Ein wichtiger Faktor dürfte sein, dass mittlerweile laut der SI-Studie zwei Drittel der Deutschen bereits Erfahrungen mit Flüchtlingen gemacht hat. Dieser Anteil lag im November 2015 noch bei weniger als 50 Prozent. Die Mehrheit hat diese inzwischen gemachten Erfahrungen positiv bewertet: Nur neun Prozent der Studienteilnehmer gaben bei der jüngsten Erhebung an, sie hätten negative Erlebnisse mit Flüchtlingen gehabt. 22 Prozent sagten, sie hätten sowohl positive als auch negative Erfahrungen gemacht.

Hilfsbereitschaft kein "Strohfeuer"

Bemerkenswert ist laut Petra-Angela Ahrens vom SI, dass sich im Osten mittlerweile prozentual sogar etwas mehr Menschen für Flüchtlinge engagierten als im Westen. Im Osten waren es im April 7,7 Prozent, im Westen 7,4 Prozent. „Ich finde das ungeheuer beeindruckend, denn dieses Engagement vollzieht sich vor dem Hintergrund der grundsätzlich skeptischeren Stimmung im Osten“, sagt Ahrens.
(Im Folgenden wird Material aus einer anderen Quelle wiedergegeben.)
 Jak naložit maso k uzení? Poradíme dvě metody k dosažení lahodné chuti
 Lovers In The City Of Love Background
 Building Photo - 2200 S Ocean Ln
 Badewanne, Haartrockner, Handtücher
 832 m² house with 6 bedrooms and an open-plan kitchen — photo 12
Die Befürchtung, die Hilfsbereitschaft der Deutschen könne nur ein „Strohfeuer“ sein, habe sich nicht bewahrheitet. „Alles in allem ist das Engagement der Bevölkerung ungebrochen.“

Keine leichte Aufgabe für Politiker

Auf der anderen Seite haben aber auch die Sorgen, die die Deutschen im Bezug auf Flüchtlinge hegen, seit 2015 nur teilweise abgenommen. Insgesamt sind diese nach wie vor recht hoch. So befürchten immer noch drei Viertel der Befragten, dass sich der Rechtsextremismus verstärken wird. ebenso viele glauben, dass es nun immer schwerer werden wird, eine bezahlbare Wohnung zu finden. Mehr als 60 Prozent fürchten, dass die Kriminalität in Deutschland steigen wird. Dass die muslimische Kultur unseren Alltag dominieren wird – davor haben im Vergleich die wenigsten Befragten Angst. Dennoch liegt ihr Anteil bei 40 Prozent.
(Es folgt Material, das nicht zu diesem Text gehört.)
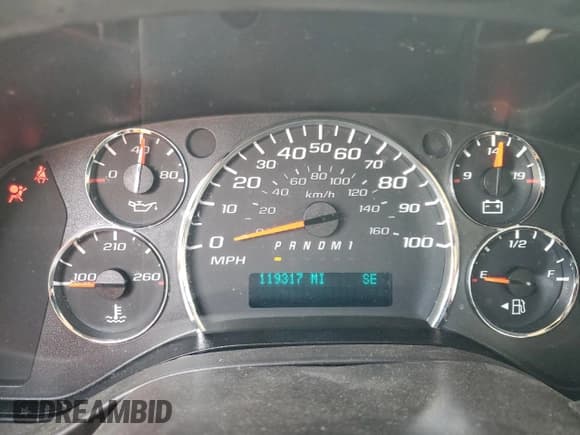 ✅ 2014 Chevrolet Express Passenger LT • VIN: 1GAZG1FG9E1109287 • Lot: 58055645. Listed on Copart with 119,317 mi. Free auction sales archive from the USA and detailed vehicle history report at DreamBid. Image 9.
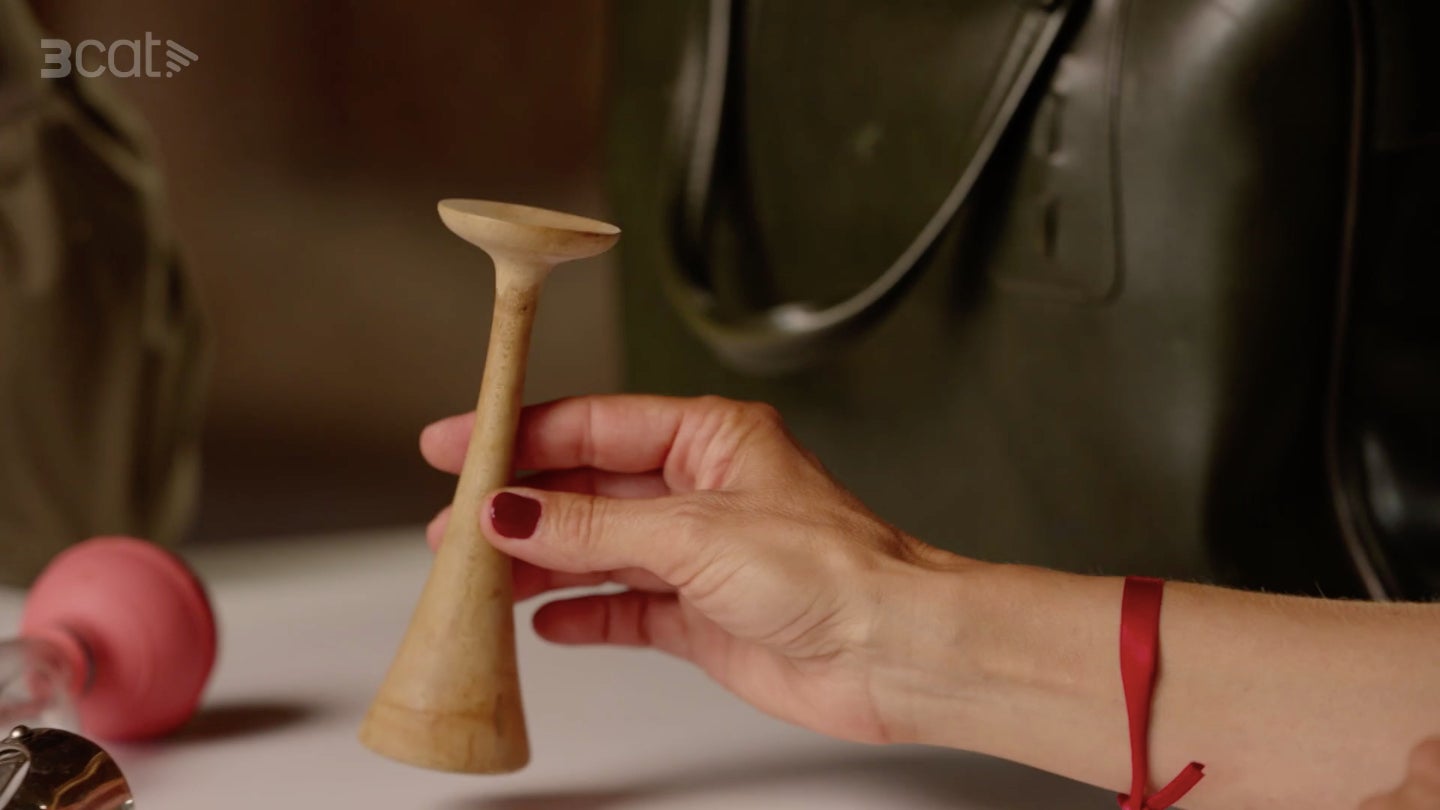 Los instrumentos que usaban las comadronas hace unos años - TV3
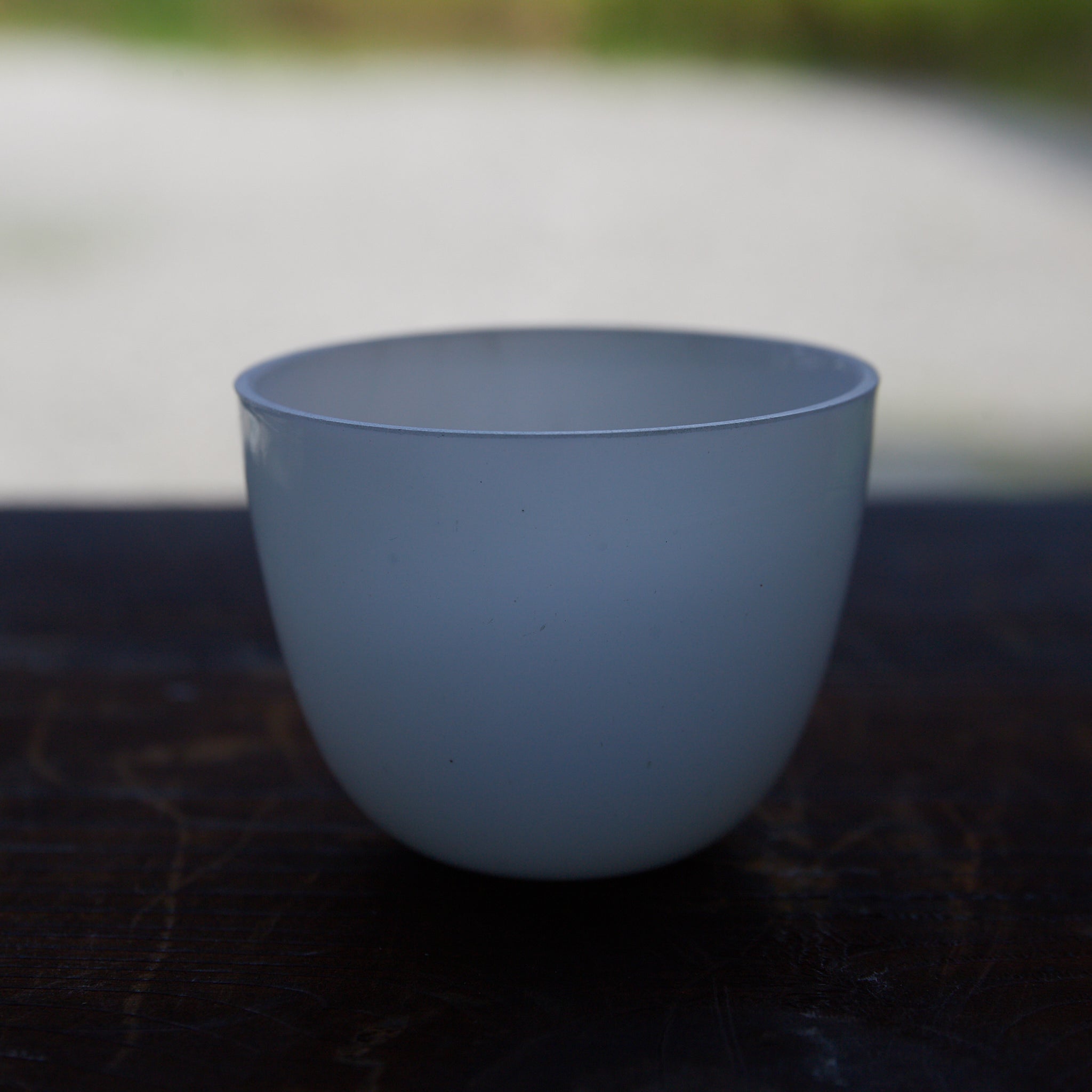 MILCHGLÄSERNER BECHER, Meiji–Taisho-Zeit(1868–1926 n. Chr.)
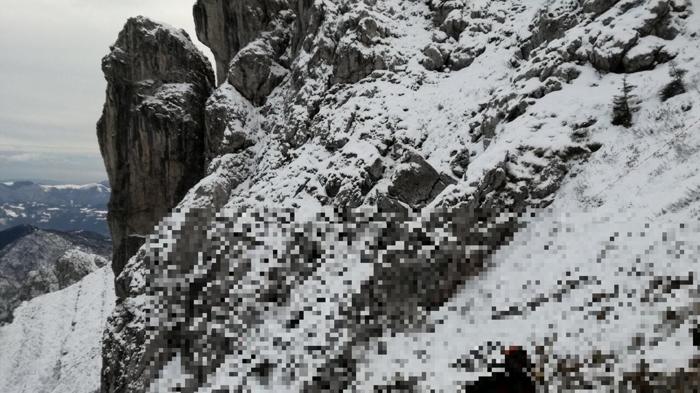 Tragedia in alta montagna: elicottero si schianta sul Petit Combin in Svizzera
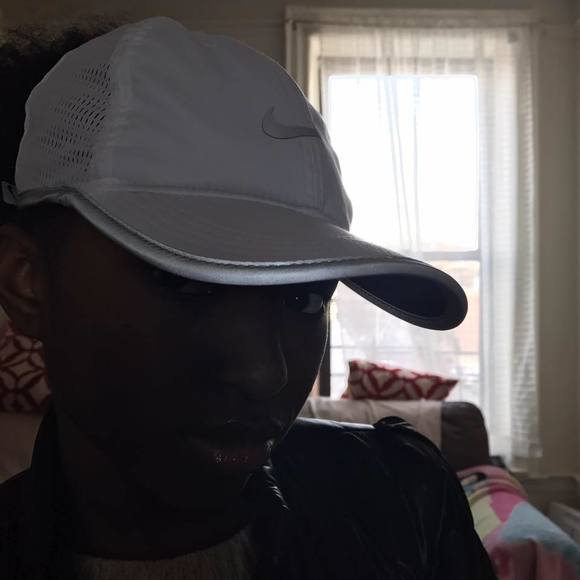 Meet your Posher, Tamara - Picture 1 of 1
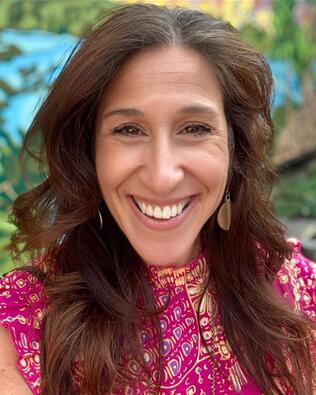 Headshot of Alicia Medaglia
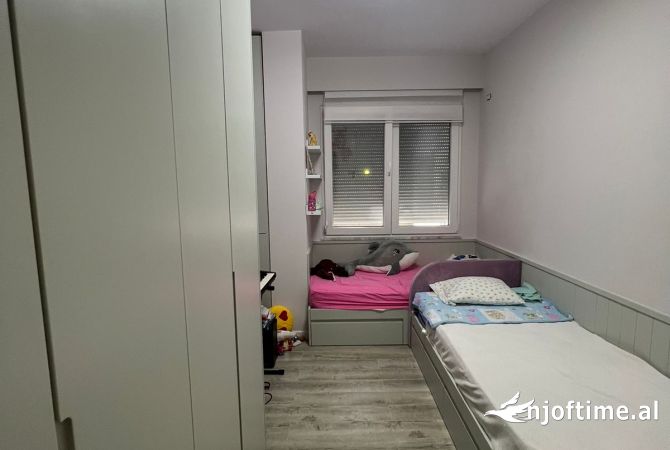 Shtepi ne shitje Apartament ne Tirane, 2+1, Mobilimi E mobiluar, Pagesa 290,000  Euro.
Die differenzierten Haltungen der Deutschen und der Fakt, dass sich Positionen nicht mehr einem bestimmten Wählerlager zuordnen lassen – das macht es für allem für die Politiker der großen Volksparteien schwer, im Wahlkampf die richtigen Botschaften zu senden. Die gute Nachricht, die das „Handelsblatt“ aus seiner Studie zieht: Die Deutschen seien rationaler und klüger, als viele ihrer Politiker denken.